Some of the fundamental elements of basic inference are implicitly or explicitly
included in various middle school curricula, as well. For example, the National Council of
Teachers of Mathematics (NCTM) Standards (2000) suggest that Grades 6–8 students
should use observations about differences between two or more samples to make
conjectures about the populations. NCTM further recommends that grades 9-12 should use
simulations to explore the variability of sample statistics from a known population and to
construct sampling distributions; they also should understand how a sample statistic reflects
the value of a population parameter and use sampling distributions as the basis for informal
inference. More recently, the American Statistical Association’s Guidelines for Assessment
and Instruction in Statistics Education (GAISE; Franklin et al, 2005) highlights the need for
students to look beyond the data when making statistical interpretations in the presence of
variability and urges that students in middle grades recognize the feasibility of conducting
inference and that high school students learn to make inferences both with random
sampling from a population and with random assignment to experimental groups.
This chapter analyses the basic elements of statistical inference and then summarises
part of the wider research that is relevant to teaching this topic (see Vallecillos, 1999;
Batanero, 2000 and Castro-Sotos, Vanhoof, Noortgate, & Onghena; 2007 for an expanded
survey). The chapter finishes with some implications for teaching and research.
2. STATISTICAL INFERENCE – A RICH MELTING POT
Classical statistical inference consists primarily of two types of procedures,
hypothesis testing and confidence intervals. These techniques build on a scheme of
interrelated concepts including probability, random sampling, parameter, distribution of
values of a sample statistic, confidence, null and alternative hypothesis, p-value,
significance level, and the logic of inference (Lui & Thompson, 2009).

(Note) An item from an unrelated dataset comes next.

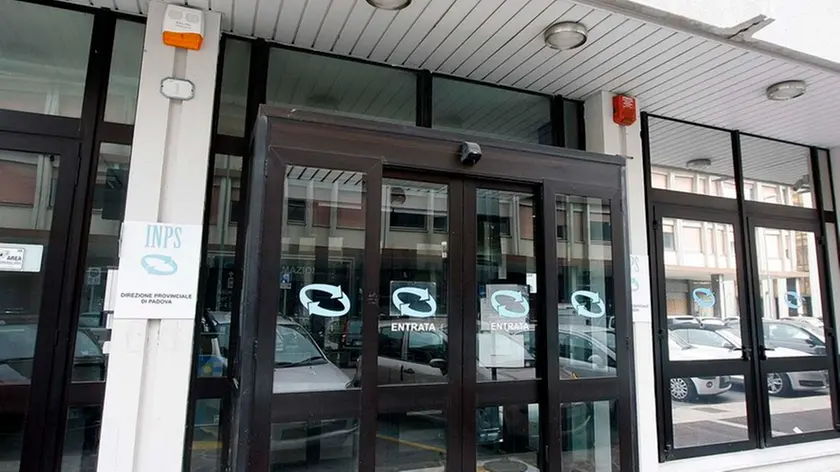 BARON - AGENZIA BIANCHI - PADOVA - NUOVO PALAZZO INPS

Consequently, statistical inference consists of three distinct, but interacting,
fundamental elements: (a) the reasoning process, (b) the concepts and (c) the associated
computations. Because the computations are often easily learned by students, and can be
3
facilitated by user-friendly software, teachers of statistics must teach the three components
and not just the mechanics of inference, because the main difficulties in understanding
statistical inference lie within the other two elements.
2.1. The reasoning process
Garfield and Gal (1999) suggest that, across the primary, middle and high school
years, teachers must develop students’ statistical reasoning the processes people use to
reason with statistical ideas and make sense of statistical information. This process is
supported by concepts such as distribution, centre, spread, association, uncertainty,
randomness and sampling, some of which have been analysed in other chapters in this
book. While most students may be able to perform the calculations associated with an
inferential process, many students hold deep misconceptions that prevent them from
making an appropriate interpretation of the result of an inferential process (Vallecillos,
1994; Batanero, 2000; Castro-Sotos, et al., 2007). In addition, Garfield (2002) remarks that
some teachers do not specifically teach students how to use and apply types of reasoning
but rather teach concepts and procedures and hope that the ability to reason will develop as
a result. As a consequence, students reach their first inferential reasoning experience with a
reasoning-free statistical background, giving rise to a mind-set that statistics is solely about
the computation of numerical values. One possible reason for this unfortunate circumstance
is that teachers responsible for teaching statistics at a high school level may have serious
deficiencies in their knowledge that lead to inadequate understandings of inference (Liu &
Thompson, 2009).
2.2. The concepts
Central to learning statistical inference is understanding that the variation of a given
statistic (e.g. the mean) calculated from single random samples is described by a probability
distribution known as the sampling distribution of the statistic. When thinking about
statistical inference it is necessary to be able to clearly differentiate between three
distributions:
The probability distribution that models the values of a variable from the
population/process. This distribution usually depends on some (typically unknown)
4
parameter values. For example, a normally distributed population is specified by two
parameters - its mean and standard deviation, often denoted by
µ
and
σ
.
The data distribution of the values of a variable for a single random sample taken from
the population/process. From this sample sample statistics such as the mean and
standard deviation, often denoted by
x
and
s
, can be used in the process of estimating
the unknown values of the population parameters.
The
probability distribution that models the variability in values of a statistic from ‘all’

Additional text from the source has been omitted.